Rachel Sarnoff of EcoStiletto also hosted a Green Blogger panel discussion, featuring Treehugger‘s Meaghan O’Neill, Inhabitat‘s Jill Fehrenbacher, Eco-Chick‘s Starre Vartan, The Daily Green‘s Brian Howard, and 30 Under 30 winner Ryan Arnold. Some personal takeaways from the panel:

* An alternate use for Facebook and Twitter: to LISTEN. Use these community tools not just to promote and re-post, but also as an open forum to learn from your readers and customers.

* Surprisingly, fact-checking does NOT seem to be standard for online content – not just due to lack of resources or time pressure to publish, but because the Web audience’s instant feedback is such a highly effective method.

* Ethical practices can lead to profits: Ryan mentioned a study in which financial success was measured for two categories of entrepreneurs: 1) those who focused and remained loyal to their morals 2) those who focused solely on making money, and 100/101 cases of financial success were from category 1.

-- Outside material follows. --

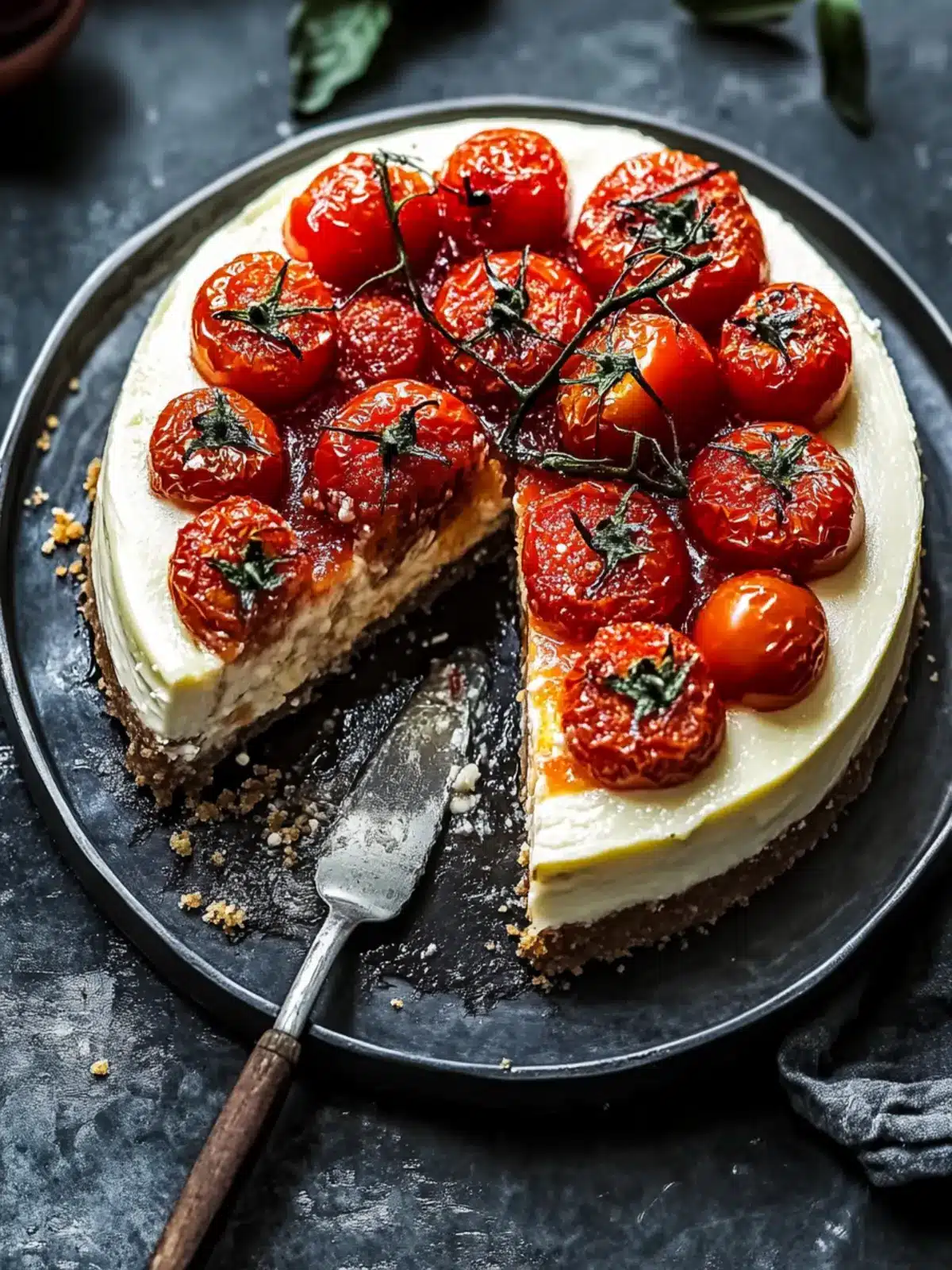 Cheesecake with Roasted Tomato Jam & Parmesan Crust Bliss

November 17, 2010 - Comments Off on Nau NYC


I have been a long-time supporter of Portland-based urban & activewear company Nau for their attention to what matters: integrating least-negative-impact practices into their business model and sustainable materials into their product, fashion-forward detailing and high standards of apparel construction, commitment to giving back to the community, and the super-chill and talented members of their company. I love how their pieces are slim-cut, travel so well, stand up to weather, translate from trail to taxi, and are made to last and often recyclable at end of life.

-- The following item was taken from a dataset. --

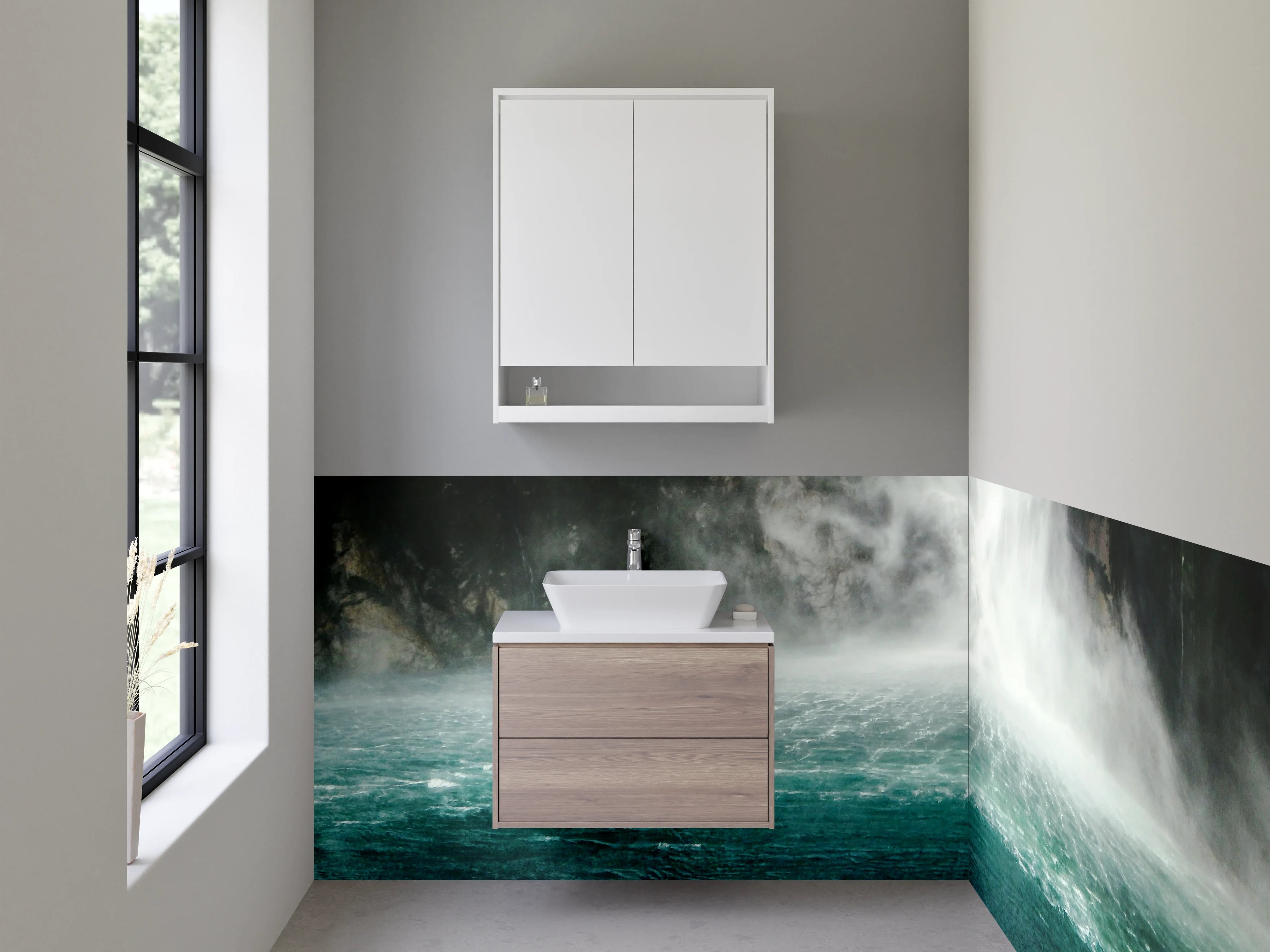 Waschbecken-Rückwand - Mystischer Wasserfall am See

So naturally I’m excited to have a Nau retail space in NY territory, even temporarily. They have partnered with workwear fashion brand Dunderon to open a three-month pop-up shop at their Soho location. Design Director Peter Kallen was in town last week, and Thursday’s event at the space brought out another Nau loyalist, actor Matthew Modine (of Full Metal Jacket fame), whose presence + fancy Batavus Old Dutch bicycles contributed to the great vibe of the evening.

The next event at the space will be held Thursday, December 2nd from 7-10pm, so come mingle, buy some fall jackets & holiday presents, and take part in the (as rumoured) bike-themed party!

Nau + Dunderdon NYC / 25 Howard St 10013

More pictures on flickr

September 26, 2010 - Comments Off on Bright Young Things, Indeed

Bright Young Things, Indeed

While familiar with the Bright Young Things “Wear-a-Thons” and “Style Challenge” via participating friends, I was excited to see the work of designer Eliza Starbuck in person. The concept behind Bright Young Things is versatility through creative re-styling of multi-functional, well-made garments. This notion of slimming down the number of garments in your closet by increasing their diversity in wearability is a key component of fashion sustainability. As someone who consciously avoids buying fast fashion and instead creates or purchases lasting, quality apparel in a mix of classic + unique items, I was definitely intrigued by BYT.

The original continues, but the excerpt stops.